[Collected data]
---
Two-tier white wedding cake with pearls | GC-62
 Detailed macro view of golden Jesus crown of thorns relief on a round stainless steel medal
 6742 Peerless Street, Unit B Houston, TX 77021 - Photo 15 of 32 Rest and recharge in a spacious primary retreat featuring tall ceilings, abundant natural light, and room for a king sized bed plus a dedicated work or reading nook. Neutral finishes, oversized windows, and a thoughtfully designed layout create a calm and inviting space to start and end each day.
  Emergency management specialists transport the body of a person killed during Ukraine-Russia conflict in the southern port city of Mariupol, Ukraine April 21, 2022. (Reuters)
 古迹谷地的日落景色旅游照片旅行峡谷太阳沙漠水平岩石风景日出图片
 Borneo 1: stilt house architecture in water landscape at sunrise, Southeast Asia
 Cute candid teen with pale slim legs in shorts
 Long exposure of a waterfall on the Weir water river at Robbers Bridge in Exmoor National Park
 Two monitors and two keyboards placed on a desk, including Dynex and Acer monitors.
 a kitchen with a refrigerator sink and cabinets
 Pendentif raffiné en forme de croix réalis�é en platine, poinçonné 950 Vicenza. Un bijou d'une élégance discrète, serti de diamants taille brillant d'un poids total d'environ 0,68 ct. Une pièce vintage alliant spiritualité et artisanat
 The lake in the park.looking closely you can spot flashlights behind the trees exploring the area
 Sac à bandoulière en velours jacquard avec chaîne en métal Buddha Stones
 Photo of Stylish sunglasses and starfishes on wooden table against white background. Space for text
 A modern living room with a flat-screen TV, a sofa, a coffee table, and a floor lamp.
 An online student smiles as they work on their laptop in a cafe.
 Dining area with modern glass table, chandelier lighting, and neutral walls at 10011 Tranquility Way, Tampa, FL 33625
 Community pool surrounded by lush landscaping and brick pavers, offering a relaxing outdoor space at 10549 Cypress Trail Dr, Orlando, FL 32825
---
* _Task instructions_
Taking the entries above, restate exactly those lines that fall between the line with "Detailed macro view" and the line with "Cute candid teen", keeping both of those lines too.

* _Answer section_
 Detailed macro view of golden Jesus crown of thorns relief on a round stainless steel medal
 6742 Peerless Street, Unit B Houston, TX 77021 - Photo 15 of 32 Rest and recharge in a spacious primary retreat featuring tall ceilings, abundant natural light, and room for a king sized bed plus a dedicated work or reading nook. Neutral finishes, oversized windows, and a thoughtfully designed layout create a calm and inviting space to start and end each day.
  Emergency management specialists transport the body of a person killed during Ukraine-Russia conflict in the southern port city of Mariupol, Ukraine April 21, 2022. (Reuters)
 古迹谷地的日落景色旅游照片旅行峡谷太阳沙漠水平岩石风景日出图片
 Borneo 1: stilt house architecture in water landscape at sunrise, Southeast Asia
 Cute candid teen with pale slim legs in shorts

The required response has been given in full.